Information shown below:

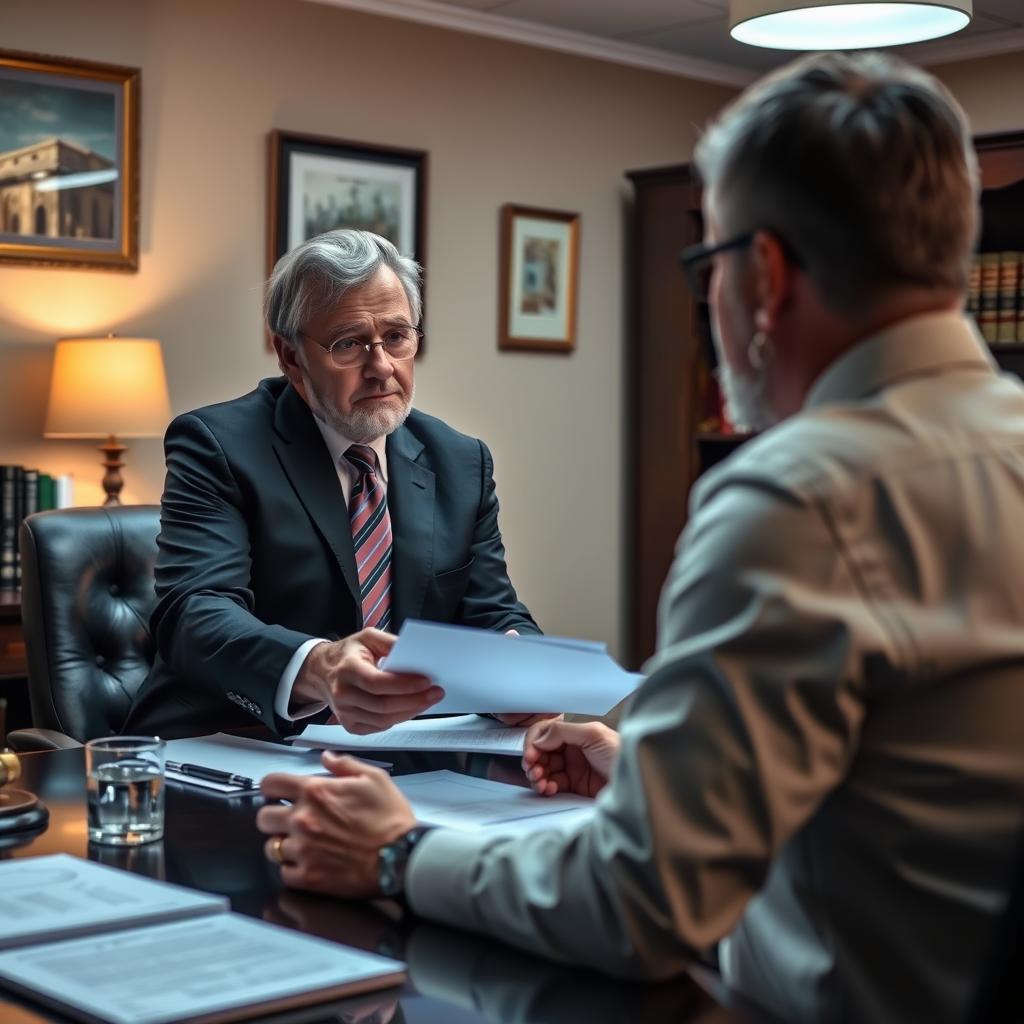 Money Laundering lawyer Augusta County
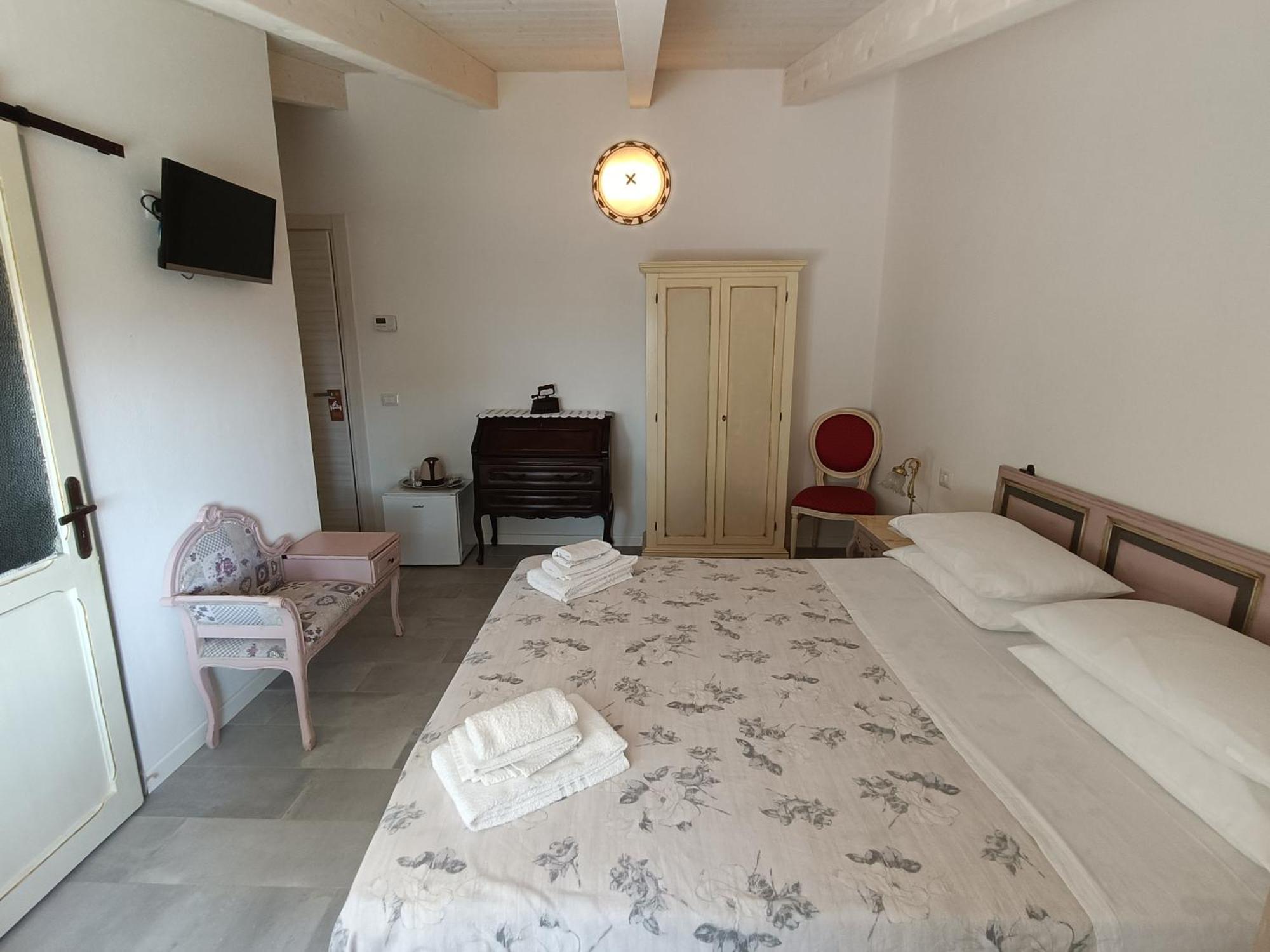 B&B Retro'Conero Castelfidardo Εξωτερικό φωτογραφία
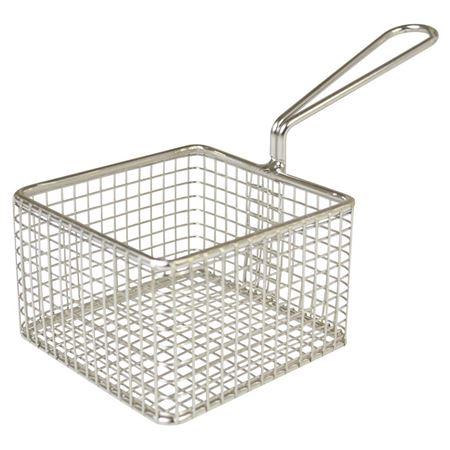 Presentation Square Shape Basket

End of Information shown.

**Goal of the exercise:** Repeat the data above exactly, leaving out any pictures it holds.

**Response:**
 Money Laundering lawyer Augusta County
 B&B Retro'Conero Castelfidardo Εξωτερικό φωτογραφία
 Presentation Square Shape Basket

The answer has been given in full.